Archive for May, 2008
Change collation on all columns of a database
Sunday, May 25th, 2008It was recently required for me to change the collation of each and every column of every table in a database from ‘latin1′ to ‘utf8′. Although the table collations were correct, the column collations were incorrect. It’s a cumbersome process to perform manually, and there’s apparently no real automated way to do it without a script. Although collation information is only meta-data, not actual data, I found this problem interesting.
Changing one column collation information is easy enough to do with one MySQL query:
ALTER TABLE `moods` CHANGE `mood_label` `mood_label` text CHARACTER SET utf8 COLLATE utf8_unicode_ci;
Changing all the columns is more difficult. Here’s a small script that I came up with to do it recently:
dionyziz@orion:~$ mysqldump -u root --password=1234 \ --no-data --no-create-db --compact ccbeta \ |egrep 'CREATE TABLE|latin1' \ |sed 's/CREATE TABLE `\(.*\)` (/;ALTER TABLE `\1`/' \ |sed 's/character set latin1/CHARACTER SET utf8 COLLATE utf8_unicode_ci/' \ |sed 's/ `\(.*\)`/ CHANGE `\1` `\1`/'>columns dionyziz@orion:~$ php -r 'file_put_contents( "columns", preg_replace( "#^;|ALTER TABLE `.*`(\\s*;|$)#", "", preg_replace( "#,(\\s*);#", ";\\1", file_get_contents( "columns" ) ) ) );' dionyziz@orion:~$ mysql -u root --password=1234 ccbeta <columns
Let’s go through it step-by-step.
mysqldump -u root --password=1234 --no-data --no-create-db --compact ccbeta
This creates a list of CREATE TABLE statements for all our tables. That’s good because it’ll allow us to determine whether the collation of a column is incorrect. Here’s an example CREATE TABLE statement:
CREATE TABLE `albums` ( `album_id` int(11) NOT NULL auto_increment, `album_userid` int(11) NOT NULL default '0', `album_created` datetime NOT NULL default '0000-00-00 00:00:00', `album_name` text character set latin1 NOT NULL, `album_description` text character set latin1 NOT NULL, PRIMARY KEY (`album_id`), KEY `album_userid` (`album_userid` ) ) ENGINE=MyISAM AUTO_INCREMENT=55 DEFAULT CHARSET=utf8 COLLATE=utf8_unicode_ci;
In this example, the `album_name` and `album_description` columns are wrong and need their collations changed.
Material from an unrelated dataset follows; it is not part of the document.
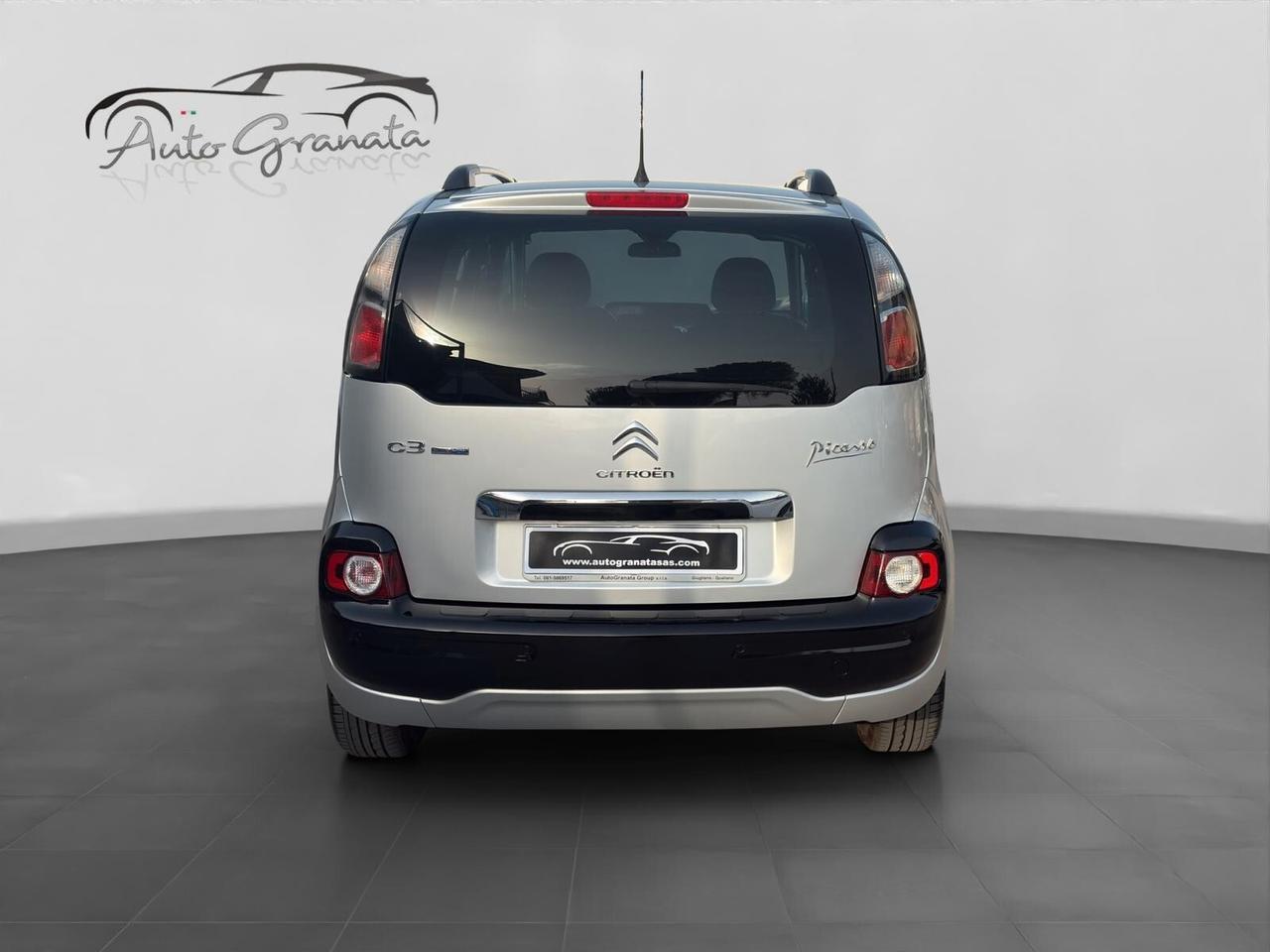 Citroen C3 Picasso 1.6 BlueHDi 100 Exclusive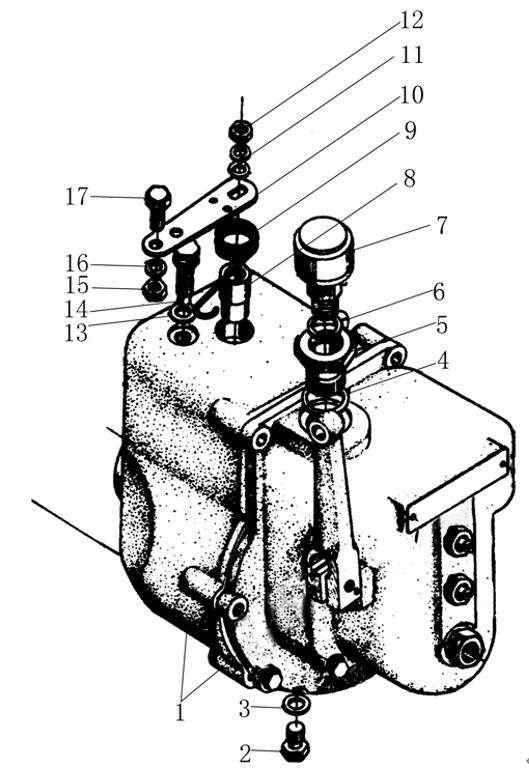 YTO engine TA Governor Assembly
egrep 'CREATE TABLE|latin1'
This simple line limits our results to only lines that contain “CREATE TABLE” or “latin1″. That’s useful since it’ll only show the table names followed by a list of all incorrectly collated columns, if any. The result would be something like this:
CREATE TABLE `relations` ( CREATE TABLE `searches` ( `search_query` text character set latin1 NOT NULL, CREATE TABLE `shoutbox` ( `shout_text` text character set latin1 NOT NULL, `shout_delreason` text character set latin1 NOT NULL,
(with more entries potentially)
Good. Now all we need to do is modify these lines to make them ALTER TABLE lines:
sed 's/CREATE TABLE `\(.*\)` (/;ALTER TABLE `\1`/'
Ah, the magic of regular expressions. This removes the final “(” of every CREATE TABLE line, as we don’t need it and also changes the word “CREATE” into “ALTER”. It also adds a semicolon in front of the ALTER TABLE statement (to terminate the previous statement).
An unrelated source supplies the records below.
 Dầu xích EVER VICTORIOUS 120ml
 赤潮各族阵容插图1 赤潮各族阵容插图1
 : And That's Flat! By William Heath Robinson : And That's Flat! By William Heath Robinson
sed 's/character set latin1/CHARACTER SET utf8 COLLATE utf8_unicode_ci/'
Straightforward enough, this replaces the existing character set instruction from latin1 to utf8, and adds the correct collation as well.
sed 's/ `\(.*\)`/ CHANGE `\1` `\1`/'
Finally, this adds the word “CHANGE” in front of every column line and repeats the column name (as we want to tell MySQL which column to change (first repetition) and to which to change it (second repetition)). The result is:
;ALTER TABLE `relations` ;ALTER TABLE `searches` CHANGE `search_query` text CHARACTER SET utf8 COLLATE utf8_unicode_ci NOT NULL, ;ALTER TABLE `shoutbox` CHANGE `shout_text` text CHARACTER SET utf8 COLLATE utf8_unicode_ci NOT NULL, CHANGE `shout_delreason` text CHARACTER SET utf8 COLLATE utf8_unicode_ci NOT NULL,
Pretty close to what we actually want. You’ll notice three problems:
- There are empty ALTER statements
- There’s an extra comma at the end of every column (providing all your tables have a primary key, as they should)
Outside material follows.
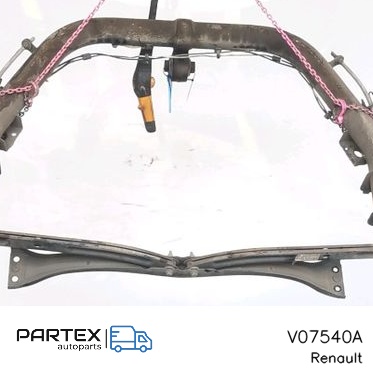 V07540A - Балка задньої осі Renault Twingo III 2015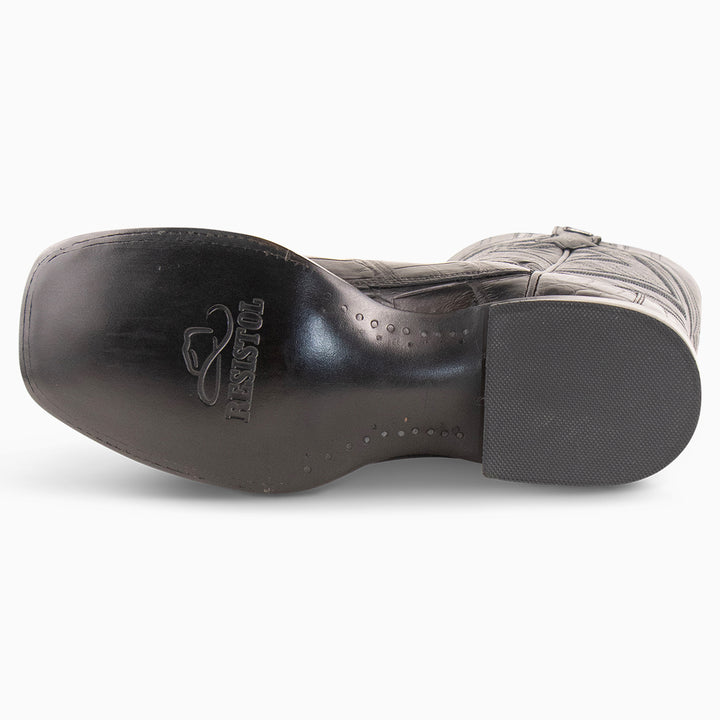 Black Alligator - Square - RESISTOL Cowboy Hats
- There’s a redundant semicolon at the beginning
These problems cannot easily be fixed by sed because sed performs a line-to-line processing. A sed expert might have been able to provide us with a better solution, but I’ll prefer to use the PREG feature of PHP. To use PHP, first let’s save our current result into a file:
>columns
Time to run our PHP code on the target file:
php -r 'file_put_contents( "columns",
preg_replace( "#^;|ALTER TABLE `.*`(\\s*;|$)#", "",
preg_replace( "#,(\\s*);#", ";\\1",
file_get_contents( "columns" ) ) ) );'
Let’s analyze it in short.
file_get_contents( "columns" );
This, simply enough, reads the “columns” file into memory. Now we’ll perform two regular expression replacements:
First, we’ll match the following regular expression:
#,(\s*);#
(notice that the # are separators that wrap the regular expression for clarity — they aren’t part of the actual regular expression)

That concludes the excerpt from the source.